▶ _Work to be completed_: Retype only the lines running from the beginning of the entries below to the line with "703 / 594 St", both included. Do not include pictures.

▶ _Extracted entries_:
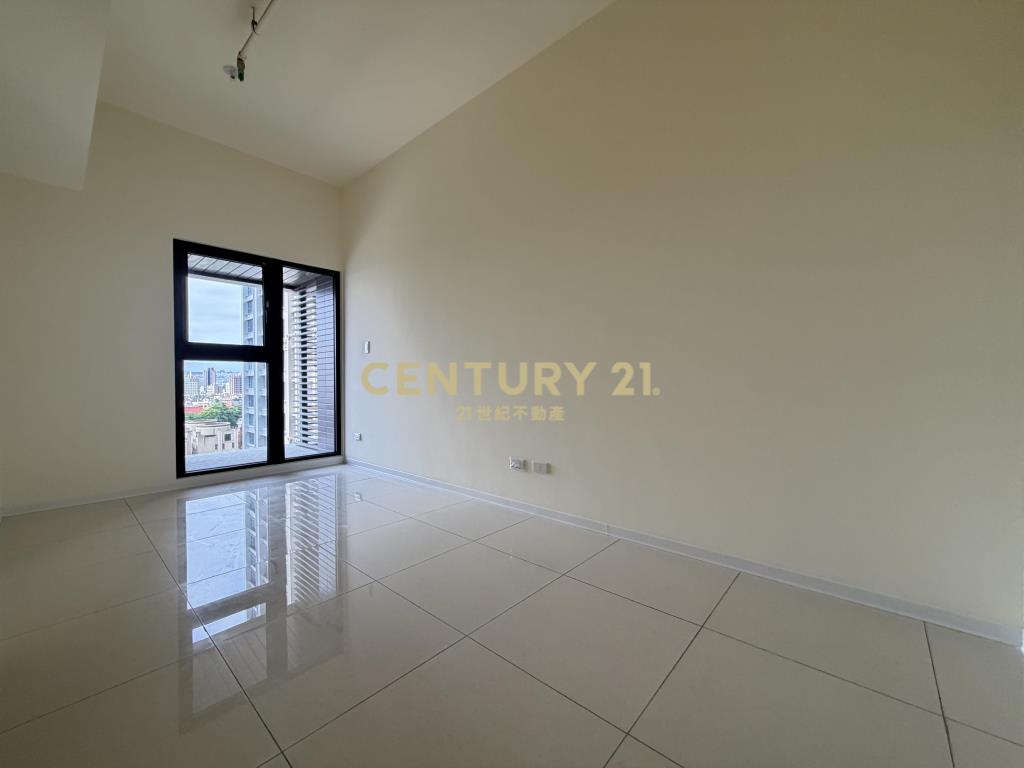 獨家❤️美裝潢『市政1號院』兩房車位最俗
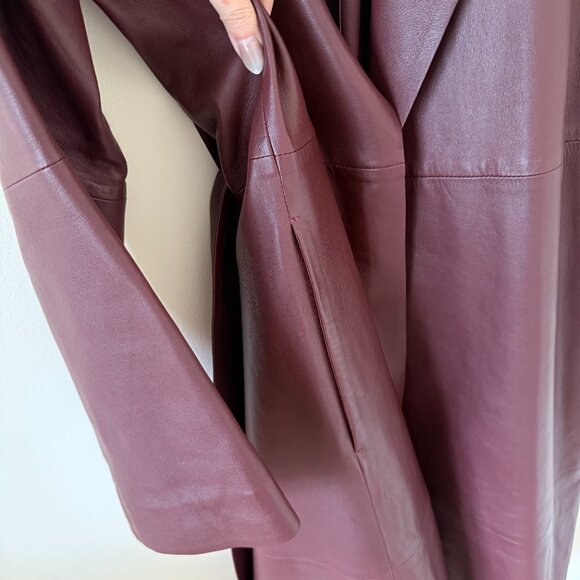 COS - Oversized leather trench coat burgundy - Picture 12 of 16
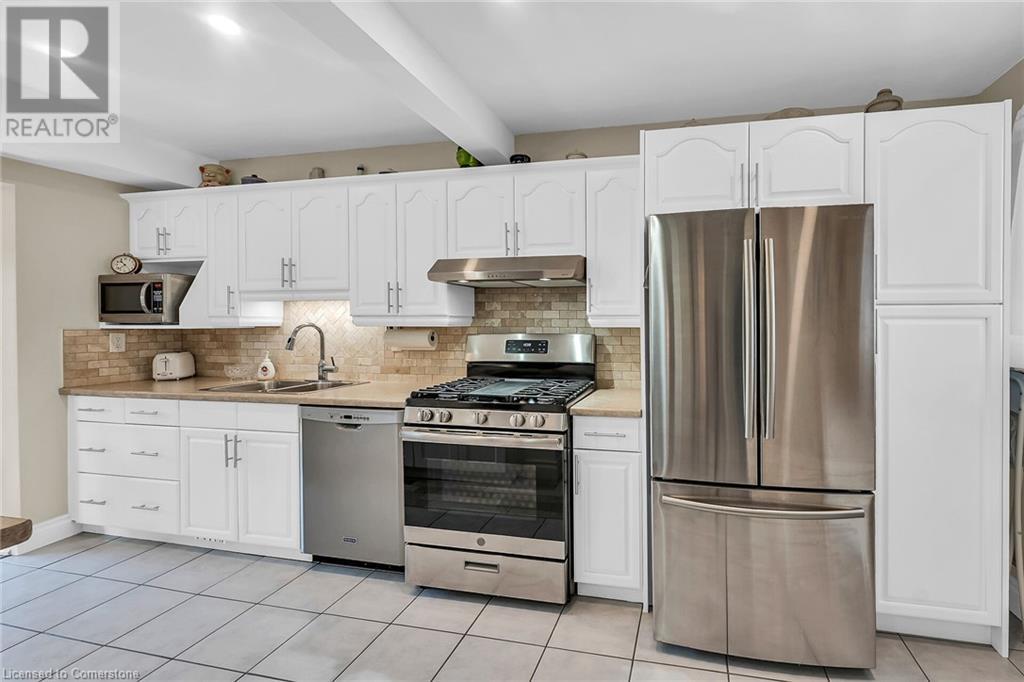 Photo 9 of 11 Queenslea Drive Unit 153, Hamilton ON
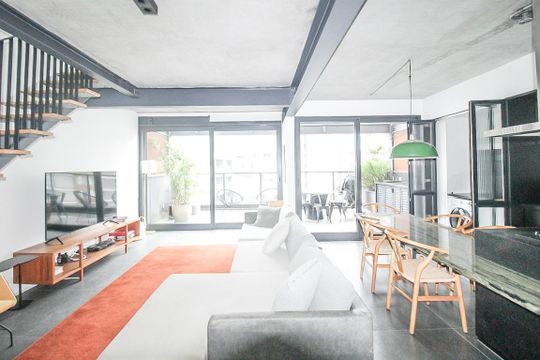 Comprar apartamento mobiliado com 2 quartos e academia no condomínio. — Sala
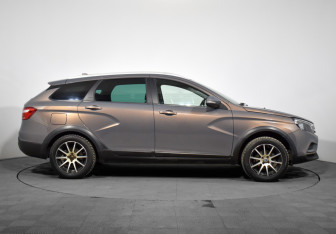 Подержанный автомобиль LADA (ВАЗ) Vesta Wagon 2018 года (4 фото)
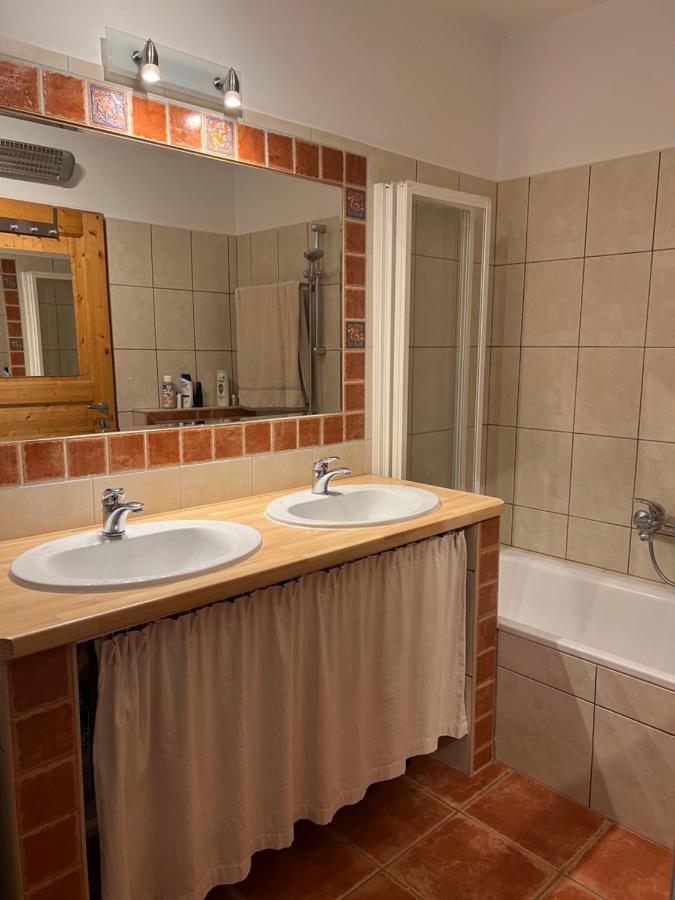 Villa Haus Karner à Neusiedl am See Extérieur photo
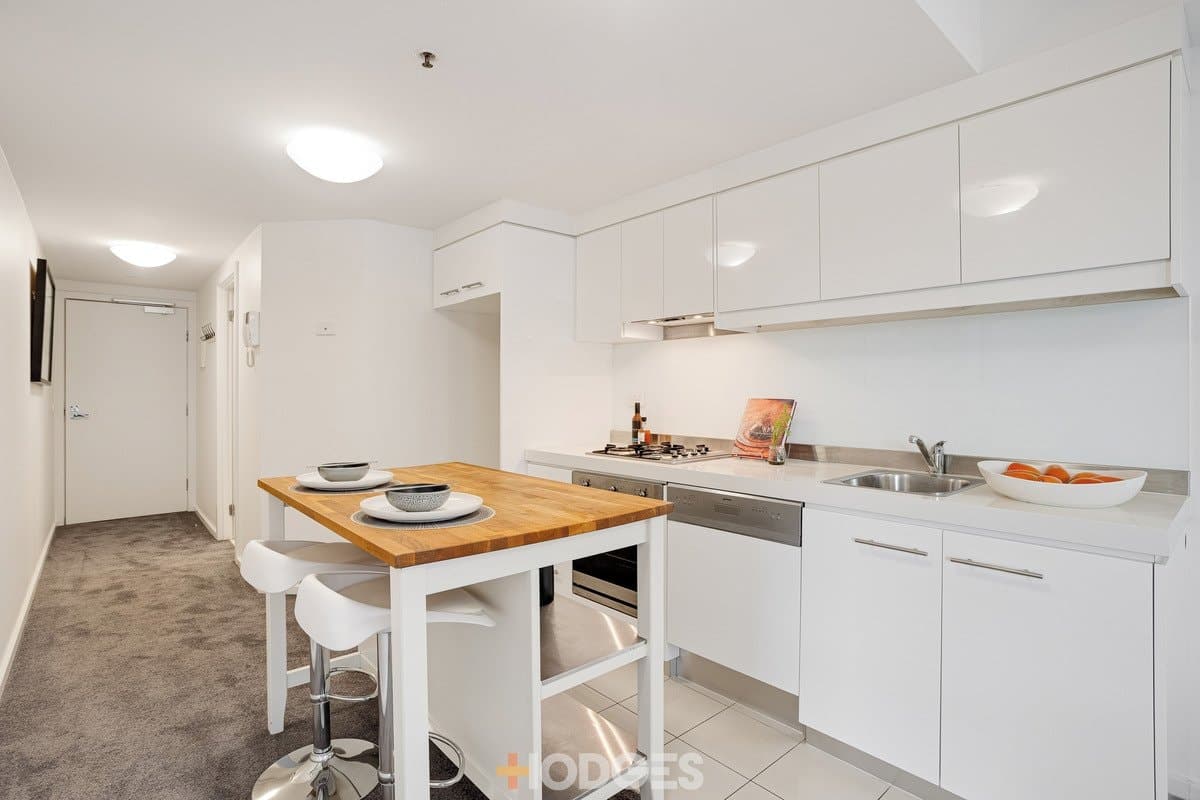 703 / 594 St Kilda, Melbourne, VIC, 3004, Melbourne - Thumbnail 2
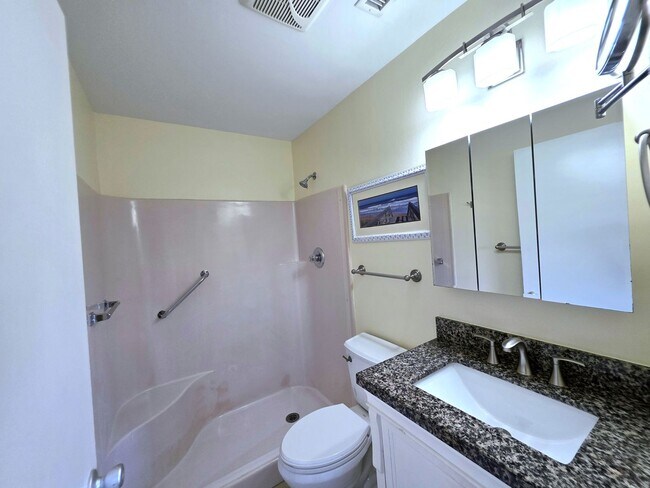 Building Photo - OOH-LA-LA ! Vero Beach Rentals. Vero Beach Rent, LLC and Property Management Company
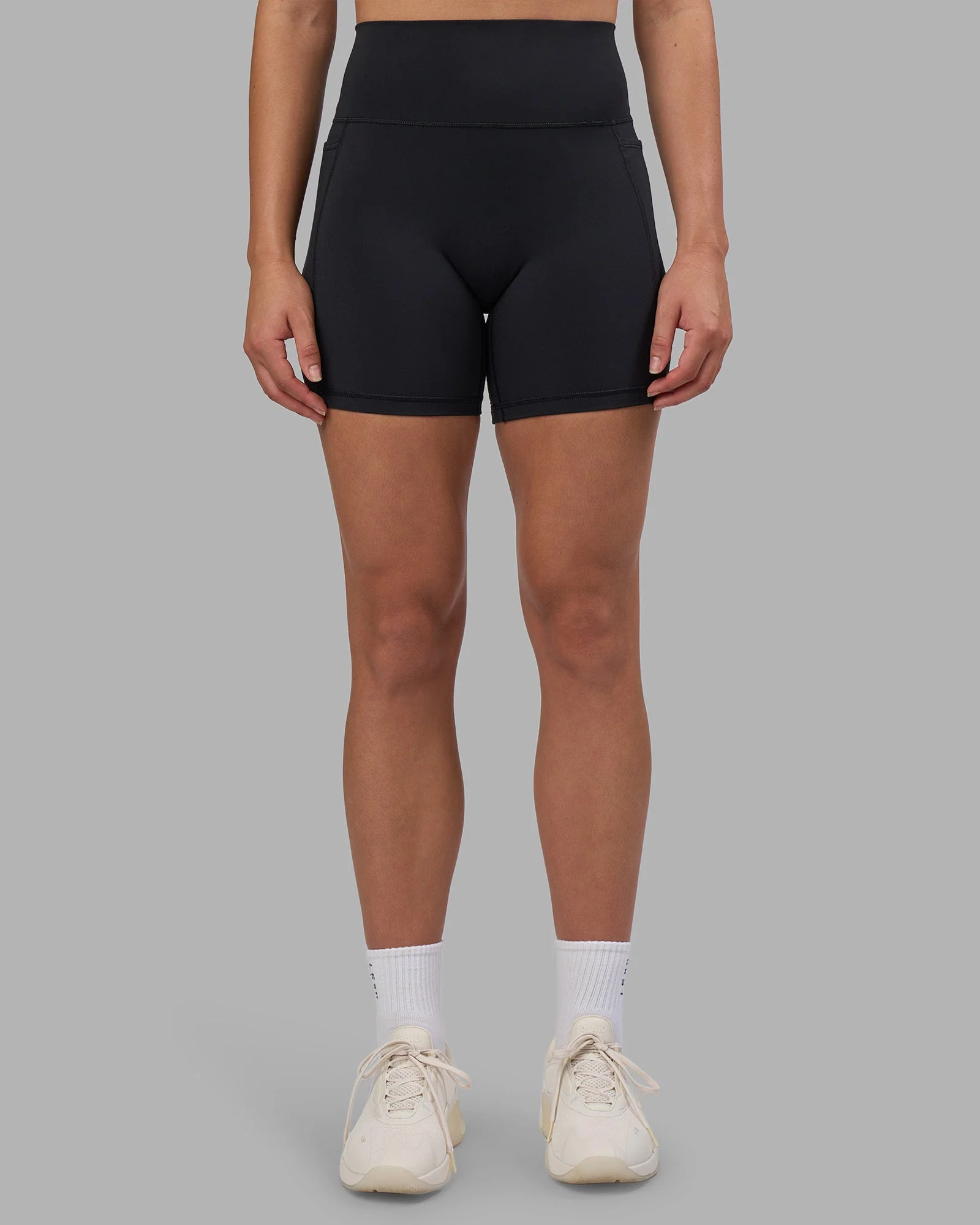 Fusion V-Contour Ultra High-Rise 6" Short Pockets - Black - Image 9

▶ _Your response_:
 獨家❤️美裝潢『市政1號院』兩房車位最俗
 COS - Oversized leather trench coat burgundy - Picture 12 of 16
 Photo 9 of 11 Queenslea Drive Unit 153, Hamilton ON
 Comprar apartamento mobiliado com 2 quartos e academia no condomínio. — Sala
 Подержанный автомобиль LADA (ВАЗ) Vesta Wagon 2018 года (4 фото)
 Villa Haus Karner à Neusiedl am See Extérieur photo
 703 / 594 St Kilda, Melbourne, VIC, 3004, Melbourne - Thumbnail 2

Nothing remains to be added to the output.